**Directions for this task:**
Since pictures are not wanted, repeat only the text of the records, word for word.

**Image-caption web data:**

********

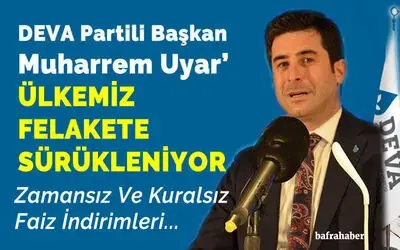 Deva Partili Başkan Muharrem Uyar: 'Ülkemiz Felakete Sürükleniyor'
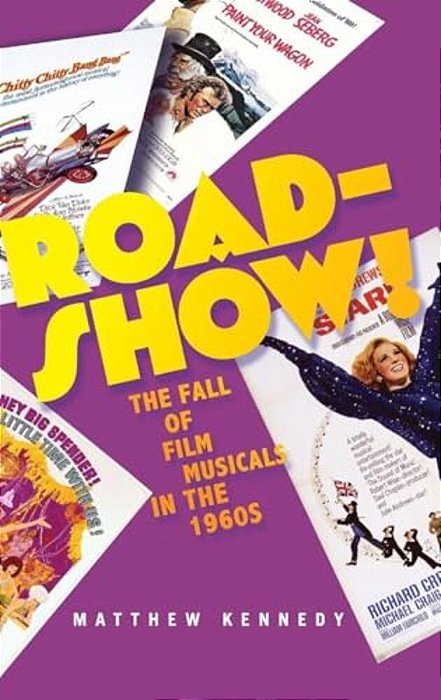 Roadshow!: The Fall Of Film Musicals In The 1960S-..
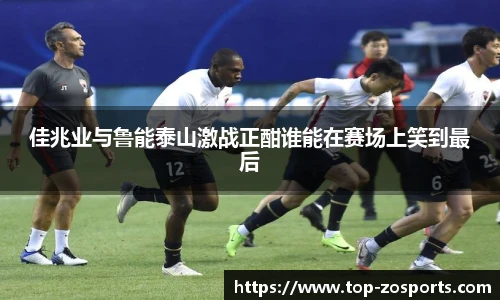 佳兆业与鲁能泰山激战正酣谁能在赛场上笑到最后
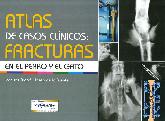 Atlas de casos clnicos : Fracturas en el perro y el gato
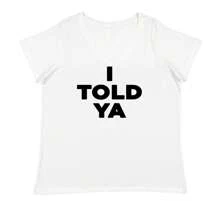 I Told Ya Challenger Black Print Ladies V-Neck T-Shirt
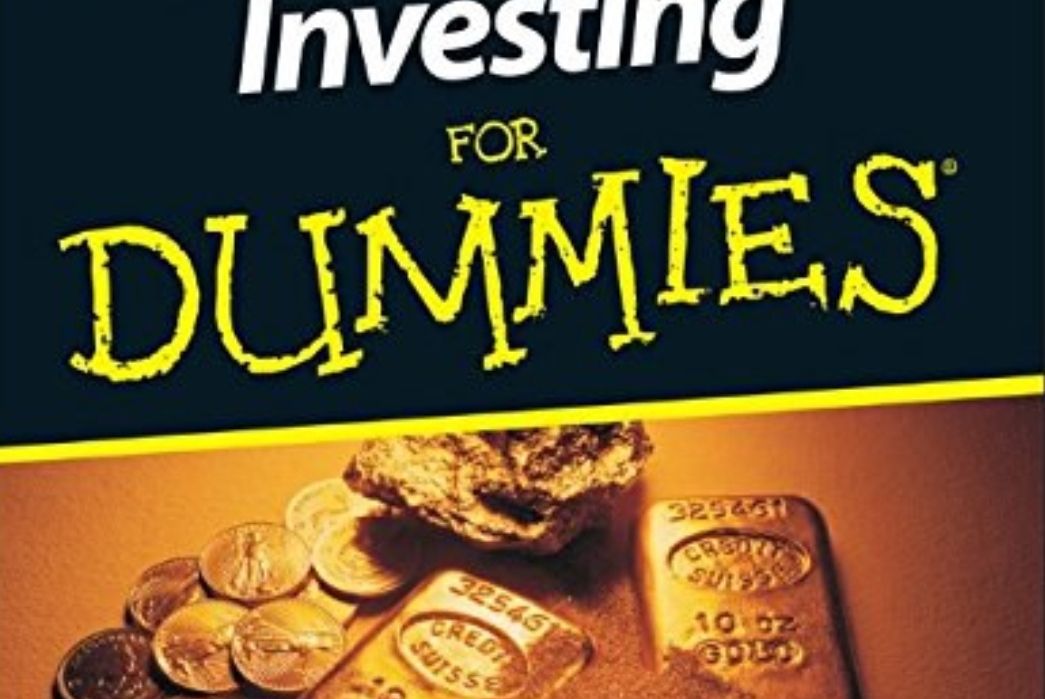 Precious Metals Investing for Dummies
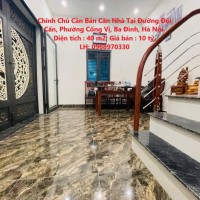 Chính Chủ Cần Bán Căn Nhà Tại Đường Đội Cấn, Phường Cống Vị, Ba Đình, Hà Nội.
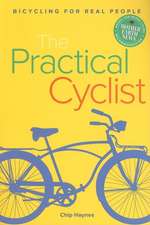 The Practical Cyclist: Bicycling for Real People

********

**Output below:**
 Deva Partili Başkan Muharrem Uyar: 'Ülkemiz Felakete Sürükleniyor'
 Roadshow!: The Fall Of Film Musicals In The 1960S-..
 佳兆业与鲁能泰山激战正酣谁能在赛场上笑到最后
 Atlas de casos clnicos : Fracturas en el perro y el gato
 I Told Ya Challenger Black Print Ladies V-Neck T-Shirt
 Precious Metals Investing for Dummies
 Chính Chủ Cần Bán Căn Nhà Tại Đường Đội Cấn, Phường Cống Vị, Ba Đình, Hà Nội.
 The Practical Cyclist: Bicycling for Real People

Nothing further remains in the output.